(What is needed) Begin at the line below that holds "Momcozy Sz S" and end at the line that holds "Pop Up Shop", transcribing each line exactly and skipping any picture.

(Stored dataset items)
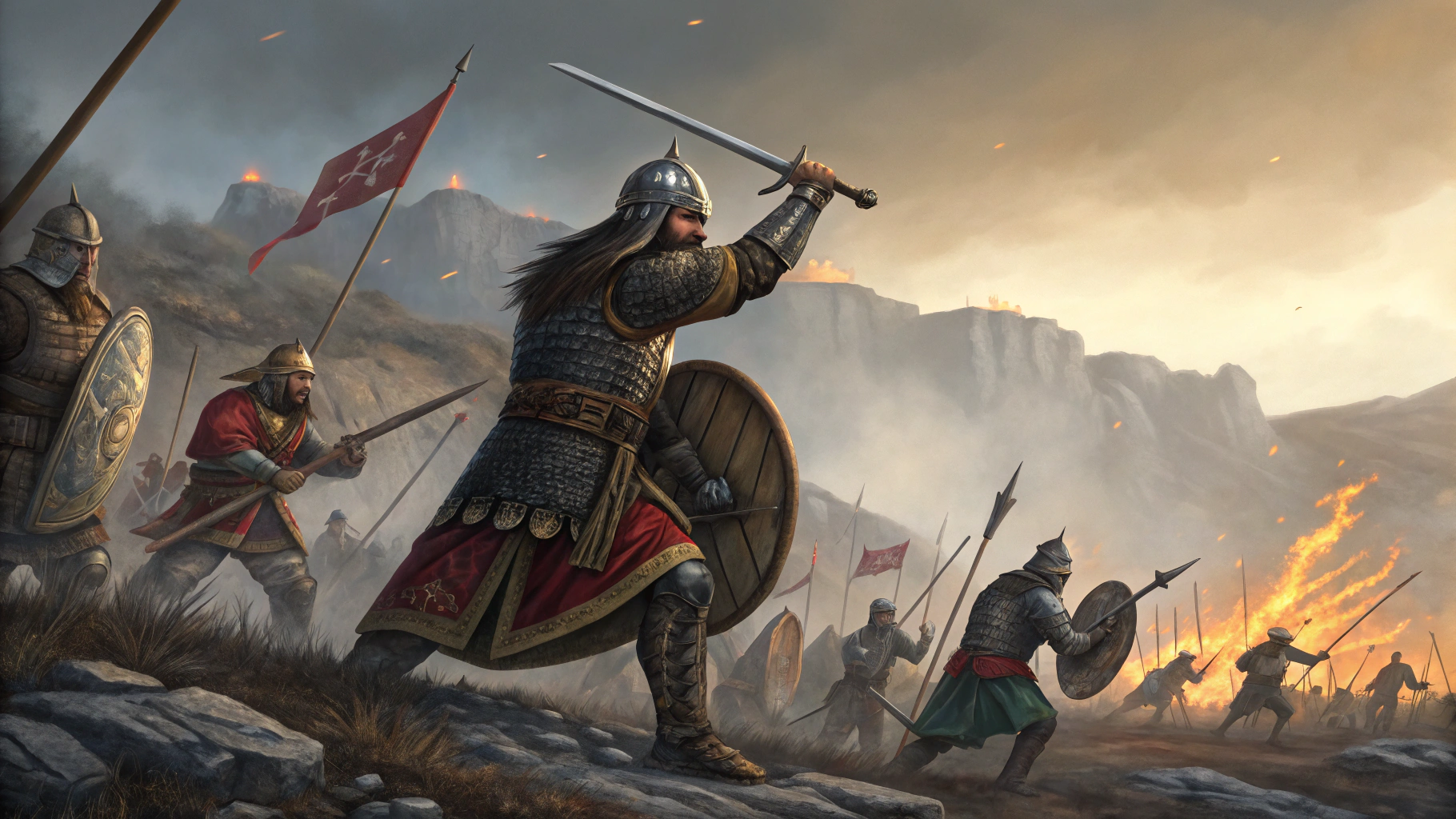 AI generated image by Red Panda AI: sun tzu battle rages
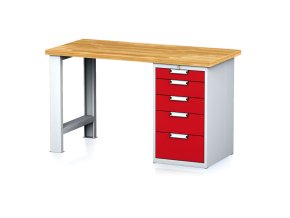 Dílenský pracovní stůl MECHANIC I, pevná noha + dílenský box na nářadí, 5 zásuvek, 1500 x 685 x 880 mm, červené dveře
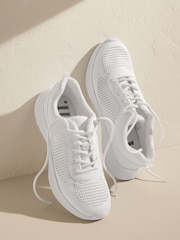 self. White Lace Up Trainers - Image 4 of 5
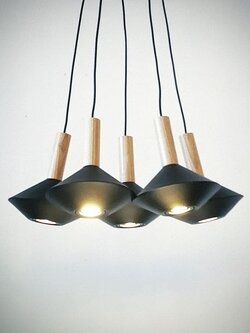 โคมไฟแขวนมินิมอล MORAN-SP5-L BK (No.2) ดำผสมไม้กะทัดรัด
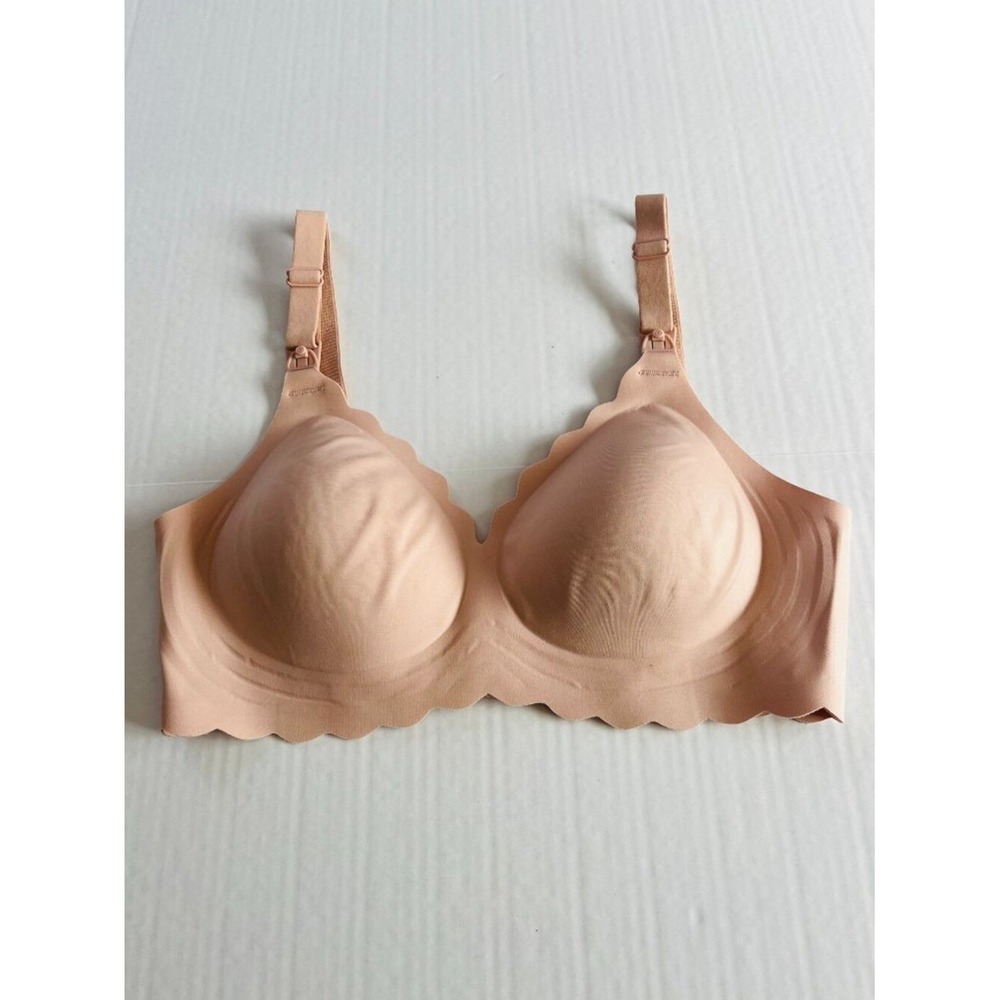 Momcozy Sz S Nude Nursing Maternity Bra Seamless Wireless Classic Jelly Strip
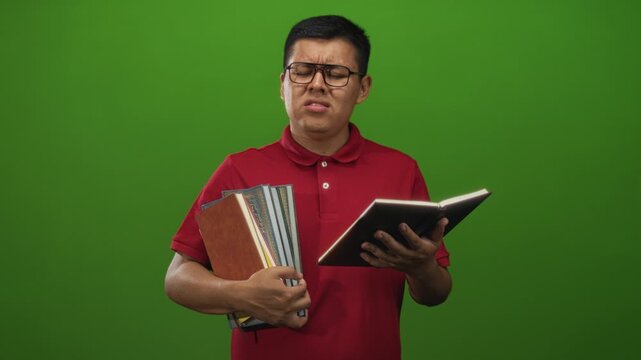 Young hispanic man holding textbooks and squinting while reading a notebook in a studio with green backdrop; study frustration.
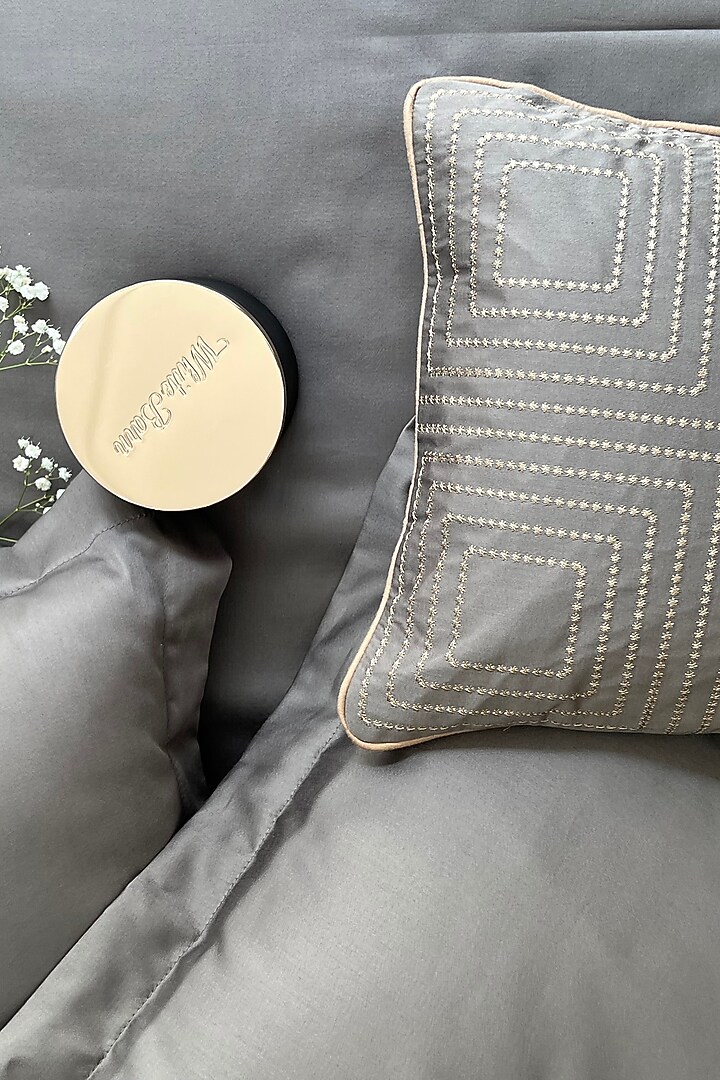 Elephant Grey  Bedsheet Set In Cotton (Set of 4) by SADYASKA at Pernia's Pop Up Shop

* * *

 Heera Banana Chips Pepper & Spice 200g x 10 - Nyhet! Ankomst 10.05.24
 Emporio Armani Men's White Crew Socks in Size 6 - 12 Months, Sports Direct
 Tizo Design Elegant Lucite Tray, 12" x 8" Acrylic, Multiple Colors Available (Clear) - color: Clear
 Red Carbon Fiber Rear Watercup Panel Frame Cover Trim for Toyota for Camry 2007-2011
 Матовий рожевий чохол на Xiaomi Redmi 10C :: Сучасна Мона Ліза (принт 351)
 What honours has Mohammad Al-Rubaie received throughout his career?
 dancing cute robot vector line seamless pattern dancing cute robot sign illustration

(Written answer)
 Momcozy Sz S Nude Nursing Maternity Bra Seamless Wireless Classic Jelly Strip
 Young hispanic man holding textbooks and squinting while reading a notebook in a studio with green backdrop; study frustration.
 Elephant Grey  Bedsheet Set In Cotton (Set of 4) by SADYASKA at Pernia's Pop Up Shop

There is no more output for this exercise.